Basis recommendation by the GST council in its 37th meeting held on 20 September 2019, Central Board of Indirect Taxes and Customs (CBIC), had issued a notification to place supply of renting of motor vehicles under the gamut of reverse charge mechanism. The recommendation was specifically intended to cover only those supplies made by non-body corporate to a body corporate and which were subjected to GST rate of 5% with restricted input tax credit.
However, the wordings of the notification no. 22/2019 – CT (Rate) dated 30 September 2019 (which was issued to give effect to the GST councils recommendation) i.e. “any person other than a body corporate, paying central tax at the rate of 2.5%…” created a few concerns viz. the scope of the entry and whether by virtue of the entry both service provider and service receiver would be liable to pay GST.
Having received concerns, the CBIC have substituted the entry, vide notification no. 29/2019 CT (Rate) dated 31 December 2019. The substituted entry is reproduced as under:
|“15||Services provided by way of renting of any motor vehicle designed to carry passengers where the cost of the fuel is included in the consideration charged from the service recipient, provided to a body corporate||Any person, other than a body corporate who supplies the service to a body corporate and does not issue an invoice charging central tax at the rate of 6 per cent to service recipient.||Any body corporate located in the taxable territory.”|
Though the above substitution was intended to eliminate doubts, it has now created a new doubt in the minds of corporate tax payers as to whether the scope of the revised entry also covers supplies made by an unregistered supplier. The relevant phrase is as under:
“Any person, other than a body corporate who supplies the service to a body corporate and does not issue an invoice charging central tax at the rate of 6 percent.to the service recipient”
The article intends to provide a food for thought on the possible interpretation of the scope of the revised RCM entry by analyzing the provisions under the CGST Act, the circular issued in the regards and the general understanding of the GST laws and the reverse charge provisions under the erstwhile indirect tax laws.
Prior to the advent of the GST law in India concept of reverse charge mechanism was prevailing even under the erstwhile indirect tax laws, i.e. service tax provisions, the Central Excise laws and the VAT laws.
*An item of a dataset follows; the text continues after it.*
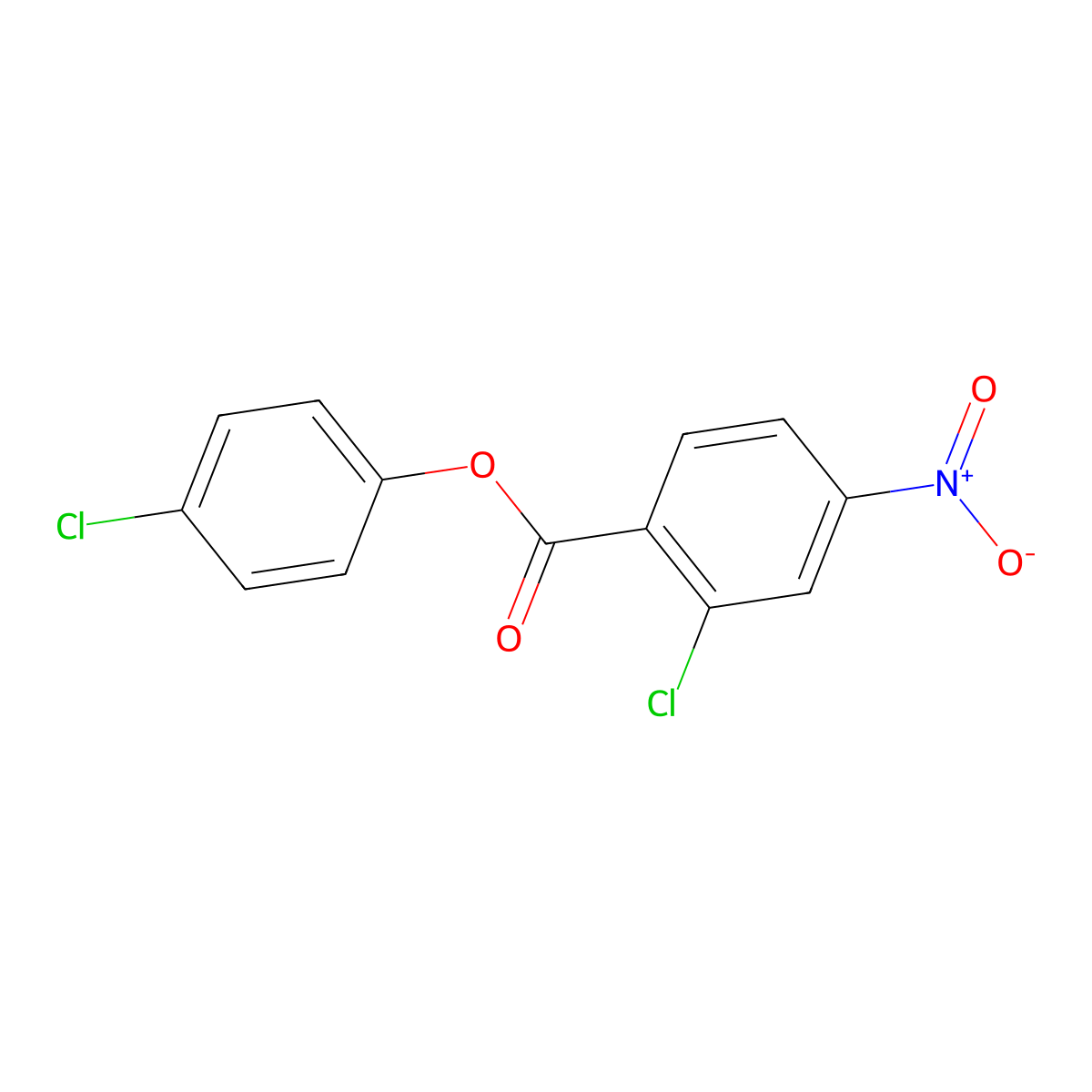 4-Chlorophenyl 2-chloro-4-nitrobenzoate molecular structure, CAS 416887-56-4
Under the service tax laws the reverse charge mechanism was restricted only to specified types of services viz. goods transport agency services, sponsorship etc. It also had a concept which was referred as the ‘partial reverse charge’ mechanism wherein the burden of payment of service tax were shared both by the service provider as well as the service recipient.
Similarly, under the excise laws, procurement of molasses produced in a Khandsari sugar factory was subjected to RCM in the hands of the procurer.
Correspondingly, under the VAT laws there existed a concept which was popularly known as the URD purchases. Under the said mechanism purchases from unregistered dealers was subjected to levy of VAT under reverse charge.
All the above three mechanisms have been adopted in the GST law by virtue of section 9 (3) and section 9 (4) of the CGST Act. While sub-section (3) covers the situation where RCM has been made applicable to notified supply of goods or services, sub-section (4) has covered supplies received from unregistered dealers.
The notification, which had brought renting of motor vehicle under the gambit of RCM has been issued under section 9 (3), which would effectively mean that it (renting of motor vehicle) is a specific notified service on which reverse charge mechanism would apply. Additionally, it would also mean that such notified supply would be covered under RCM irrespective of the fact whether the supplier is a registered supplier or an unregistered supplier. It thus becomes important to understand whether the mechanism is applicable to all supplies in the nature of renting of motor vehicle (other than those which are subjected to the GST rate of 12 per cent) or does it have a restricted application.
The possible answer to its applicability can be derived from what has been approved and recommended by the GST council and which forms the basis for introducing the aforementioned entry with the scope of the RCM. In serial no. 16 of the Press note which was released post the council meeting the intention and the scope can be clearly seen. The press note is reproduced as under:
“16. To allow RCM to suppliers paying GST @5% on renting of vehicles from registered person other than body corporate (LLP, proprietorship) when services provided to body corporate entities.”
It can be seen from the above, that the scope of the RCM is restricted only to those cases where the supplies have been received from a registered non-body corporate. The said fact has also been re-iterated in para 2 of the recently released clarificatory circular (the relevant abstract is reproduced as under)
“The GST Council in its 37th meeting dated 20.09.2019 examined the request to place the supply of renting of motor vehicles under RCM and recommended that the said supply when provided by suppliers paying GST @ 5% to corporate entities may be placed under RCM. “
However, in spite of what has been approved and recommended by the GST council, and the legal provision, the wordings used in the notification is definitely prone to litigation.